Stored records:
┄┄┄┄┄┄
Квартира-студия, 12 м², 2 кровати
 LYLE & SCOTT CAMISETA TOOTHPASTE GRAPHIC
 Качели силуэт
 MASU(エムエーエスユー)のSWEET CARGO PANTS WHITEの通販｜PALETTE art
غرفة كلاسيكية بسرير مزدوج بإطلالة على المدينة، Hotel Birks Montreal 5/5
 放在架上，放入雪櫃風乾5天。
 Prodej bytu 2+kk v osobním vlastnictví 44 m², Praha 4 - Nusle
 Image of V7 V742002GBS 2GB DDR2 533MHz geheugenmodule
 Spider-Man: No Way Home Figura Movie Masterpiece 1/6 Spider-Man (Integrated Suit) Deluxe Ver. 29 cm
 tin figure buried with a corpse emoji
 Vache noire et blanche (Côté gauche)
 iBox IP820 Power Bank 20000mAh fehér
┄┄┄┄┄┄
• Problem to solve:
Word for word, retype all of the entries above.

• Task response:
Квартира-студия, 12 м², 2 кровати
 LYLE & SCOTT CAMISETA TOOTHPASTE GRAPHIC
 Качели силуэт
 MASU(エムエーエスユー)のSWEET CARGO PANTS WHITEの通販｜PALETTE art
غرفة كلاسيكية بسرير مزدوج بإطلالة على المدينة، Hotel Birks Montreal 5/5
 放在架上，放入雪櫃風乾5天。
 Prodej bytu 2+kk v osobním vlastnictví 44 m², Praha 4 - Nusle
 Image of V7 V742002GBS 2GB DDR2 533MHz geheugenmodule
 Spider-Man: No Way Home Figura Movie Masterpiece 1/6 Spider-Man (Integrated Suit) Deluxe Ver. 29 cm
 tin figure buried with a corpse emoji
 Vache noire et blanche (Côté gauche)
 iBox IP820 Power Bank 20000mAh fehér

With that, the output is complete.